Walking for a cause

Seattle woman makes trek across nation


— A Seattle woman walking across the country to raise political awareness made a stop in Steamboat Springs Tuesday.

Jeanette Wallis, 31, said she hopes to highlight the importance of citizen participation in democracy. In fact, she calls her journey the Walk for Democracy.

As she travels from town to town at a pace of 10 to 13 miles per day, Wallis collects grievances she hopes to deliver to President Bush when she reaches Washington, D.C.

So far, Wallis has collected 400 grievances, including a note she received from Hunter S. Thompson while visiting the author at his Woody Creek residence.

She estimates her cross-country effort will take 10 more months to complete.

She actually began her walk in April 2001 and made it as far as Logan, Utah, before a foot injury forced her to abandon the trip.
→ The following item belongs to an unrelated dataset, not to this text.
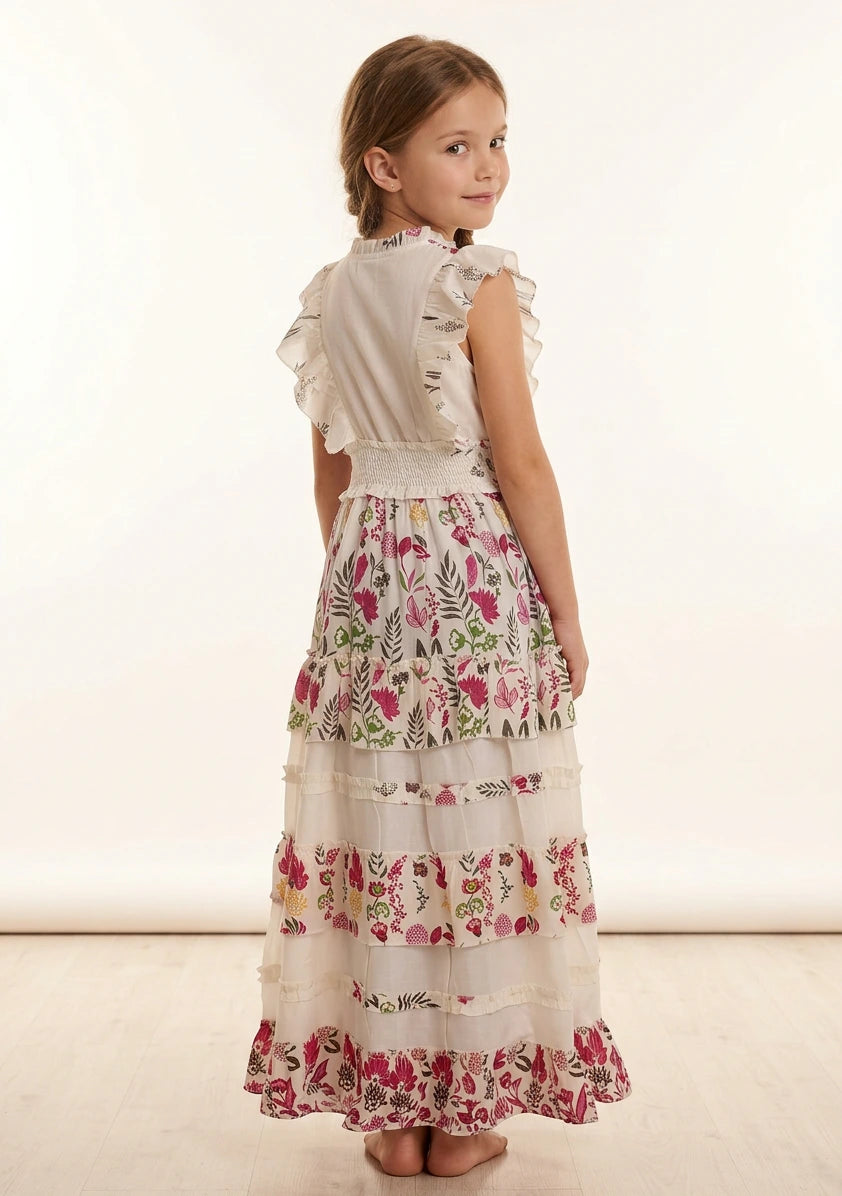 Vestido largo de algodón con cuello en V para niña - Aina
She resumed the trek from Logan on April 1 this year.

"Democracy doesn't work if the people are silent," Wallis said. "If our politicians aren't representing our interests, it is our responsibility to speak out, even if we are the only dissident voice."

Lewis was a psychiatric counselor for 12 years.

She said during the World Trade Organization meetings in Seattle in December 1999, she was walking home when she was tear-gassed by riot police trying to quell WTO protesters.

That incident spurred her to become more politically active.

After reading about a 90-year-old woman who walked from Los Angeles to Washington, Wallis was inspired to undertake a similar journey.

She currently walks with a 5-year-old Labrador named Sherpa. A friend has joined Wallis on the trip and is driving a camper that Wallis camps in.

She makes stops in towns she passes through, giving talks to local schools and civic organizations.

So far, she has raised $9,000 in donations for her trip. She said she will leave Steamboat at about 9 a.m. today en route to Walden and then on to Fort Collins.